__TASK ITEM__
Scan the records for "Mini" and copy each line that contains it.

__TASK MATERIAL__
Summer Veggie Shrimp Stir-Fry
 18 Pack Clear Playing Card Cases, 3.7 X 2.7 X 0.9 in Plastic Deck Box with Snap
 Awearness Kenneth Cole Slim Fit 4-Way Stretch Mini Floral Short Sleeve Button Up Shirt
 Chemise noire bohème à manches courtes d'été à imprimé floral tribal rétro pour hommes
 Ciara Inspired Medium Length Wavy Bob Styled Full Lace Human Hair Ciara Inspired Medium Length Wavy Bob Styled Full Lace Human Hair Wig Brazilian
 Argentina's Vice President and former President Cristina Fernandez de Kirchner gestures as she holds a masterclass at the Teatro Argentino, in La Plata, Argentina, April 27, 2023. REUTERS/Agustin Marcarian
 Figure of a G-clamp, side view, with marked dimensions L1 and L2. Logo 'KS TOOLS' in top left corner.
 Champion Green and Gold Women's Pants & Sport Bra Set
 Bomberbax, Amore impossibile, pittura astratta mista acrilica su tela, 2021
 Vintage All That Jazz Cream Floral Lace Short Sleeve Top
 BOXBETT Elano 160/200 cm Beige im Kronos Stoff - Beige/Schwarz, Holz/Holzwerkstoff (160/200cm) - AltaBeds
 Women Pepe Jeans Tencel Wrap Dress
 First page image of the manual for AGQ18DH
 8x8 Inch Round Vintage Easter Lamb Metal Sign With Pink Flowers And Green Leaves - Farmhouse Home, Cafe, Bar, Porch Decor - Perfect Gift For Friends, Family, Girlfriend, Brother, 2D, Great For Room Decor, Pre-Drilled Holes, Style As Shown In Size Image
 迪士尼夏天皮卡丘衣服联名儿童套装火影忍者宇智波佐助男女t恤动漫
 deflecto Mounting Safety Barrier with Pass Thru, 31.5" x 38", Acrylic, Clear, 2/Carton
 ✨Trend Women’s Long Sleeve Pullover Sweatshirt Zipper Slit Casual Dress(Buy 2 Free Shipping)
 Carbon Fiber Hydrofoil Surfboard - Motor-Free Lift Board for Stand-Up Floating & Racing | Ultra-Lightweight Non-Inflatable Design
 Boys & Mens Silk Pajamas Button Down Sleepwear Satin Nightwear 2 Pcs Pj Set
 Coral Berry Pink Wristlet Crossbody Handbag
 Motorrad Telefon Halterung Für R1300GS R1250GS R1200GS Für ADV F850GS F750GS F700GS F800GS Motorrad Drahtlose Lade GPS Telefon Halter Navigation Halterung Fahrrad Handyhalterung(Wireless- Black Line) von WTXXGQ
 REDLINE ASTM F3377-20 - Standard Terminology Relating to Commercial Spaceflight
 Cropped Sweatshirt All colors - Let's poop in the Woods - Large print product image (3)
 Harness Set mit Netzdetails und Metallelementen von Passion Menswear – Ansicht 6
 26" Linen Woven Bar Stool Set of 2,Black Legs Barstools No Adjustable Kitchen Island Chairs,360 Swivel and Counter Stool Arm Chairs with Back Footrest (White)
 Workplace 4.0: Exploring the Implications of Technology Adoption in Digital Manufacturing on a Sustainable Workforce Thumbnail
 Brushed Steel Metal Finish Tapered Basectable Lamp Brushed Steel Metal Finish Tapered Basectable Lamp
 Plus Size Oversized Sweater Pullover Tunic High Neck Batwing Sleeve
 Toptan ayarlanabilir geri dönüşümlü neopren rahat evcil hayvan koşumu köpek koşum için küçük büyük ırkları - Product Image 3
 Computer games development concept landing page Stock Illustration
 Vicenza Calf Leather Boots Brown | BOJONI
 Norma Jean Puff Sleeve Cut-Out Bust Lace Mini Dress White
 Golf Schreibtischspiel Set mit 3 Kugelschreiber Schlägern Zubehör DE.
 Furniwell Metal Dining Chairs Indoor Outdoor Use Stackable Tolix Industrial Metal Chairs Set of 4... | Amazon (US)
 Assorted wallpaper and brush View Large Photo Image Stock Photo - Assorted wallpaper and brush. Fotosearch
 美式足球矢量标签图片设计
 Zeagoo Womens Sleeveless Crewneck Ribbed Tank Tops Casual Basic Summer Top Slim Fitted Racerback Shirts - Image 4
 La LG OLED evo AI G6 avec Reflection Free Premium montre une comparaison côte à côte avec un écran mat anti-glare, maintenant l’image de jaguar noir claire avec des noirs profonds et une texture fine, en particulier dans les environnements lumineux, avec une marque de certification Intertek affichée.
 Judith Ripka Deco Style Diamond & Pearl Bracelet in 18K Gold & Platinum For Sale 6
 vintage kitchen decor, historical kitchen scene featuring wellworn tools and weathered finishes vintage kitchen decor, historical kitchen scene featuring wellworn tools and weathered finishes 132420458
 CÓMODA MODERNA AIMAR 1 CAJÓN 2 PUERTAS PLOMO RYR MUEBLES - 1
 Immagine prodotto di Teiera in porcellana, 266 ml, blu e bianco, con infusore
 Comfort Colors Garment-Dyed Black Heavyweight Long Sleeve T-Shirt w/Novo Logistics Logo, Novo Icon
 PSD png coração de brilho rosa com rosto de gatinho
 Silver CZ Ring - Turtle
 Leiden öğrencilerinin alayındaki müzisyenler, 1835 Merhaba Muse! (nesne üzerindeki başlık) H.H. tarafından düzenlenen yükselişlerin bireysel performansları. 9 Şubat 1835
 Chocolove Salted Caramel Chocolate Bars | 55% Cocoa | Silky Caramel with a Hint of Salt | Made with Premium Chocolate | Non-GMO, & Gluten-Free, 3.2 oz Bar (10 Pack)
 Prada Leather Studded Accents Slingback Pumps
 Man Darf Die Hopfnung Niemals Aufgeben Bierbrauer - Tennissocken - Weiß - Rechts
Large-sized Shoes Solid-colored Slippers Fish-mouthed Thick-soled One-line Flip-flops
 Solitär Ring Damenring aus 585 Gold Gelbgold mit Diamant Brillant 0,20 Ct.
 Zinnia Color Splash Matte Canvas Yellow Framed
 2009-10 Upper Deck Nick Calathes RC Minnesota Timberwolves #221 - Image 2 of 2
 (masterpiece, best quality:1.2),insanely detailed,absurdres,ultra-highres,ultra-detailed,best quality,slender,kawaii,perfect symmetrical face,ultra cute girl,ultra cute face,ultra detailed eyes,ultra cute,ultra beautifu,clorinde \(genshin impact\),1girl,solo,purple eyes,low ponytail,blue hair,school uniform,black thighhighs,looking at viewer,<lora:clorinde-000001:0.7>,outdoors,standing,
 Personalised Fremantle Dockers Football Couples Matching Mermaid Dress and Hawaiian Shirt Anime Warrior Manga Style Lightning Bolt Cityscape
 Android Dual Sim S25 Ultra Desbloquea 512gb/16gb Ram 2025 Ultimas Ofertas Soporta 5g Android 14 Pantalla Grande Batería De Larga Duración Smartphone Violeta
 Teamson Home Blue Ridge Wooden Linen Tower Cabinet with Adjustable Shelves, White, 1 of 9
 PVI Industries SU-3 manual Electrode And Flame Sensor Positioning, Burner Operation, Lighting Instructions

__OUTPUT FOR THIS EXERCISE__
 Awearness Kenneth Cole Slim Fit 4-Way Stretch Mini Floral Short Sleeve Button Up Shirt
 Norma Jean Puff Sleeve Cut-Out Bust Lace Mini Dress White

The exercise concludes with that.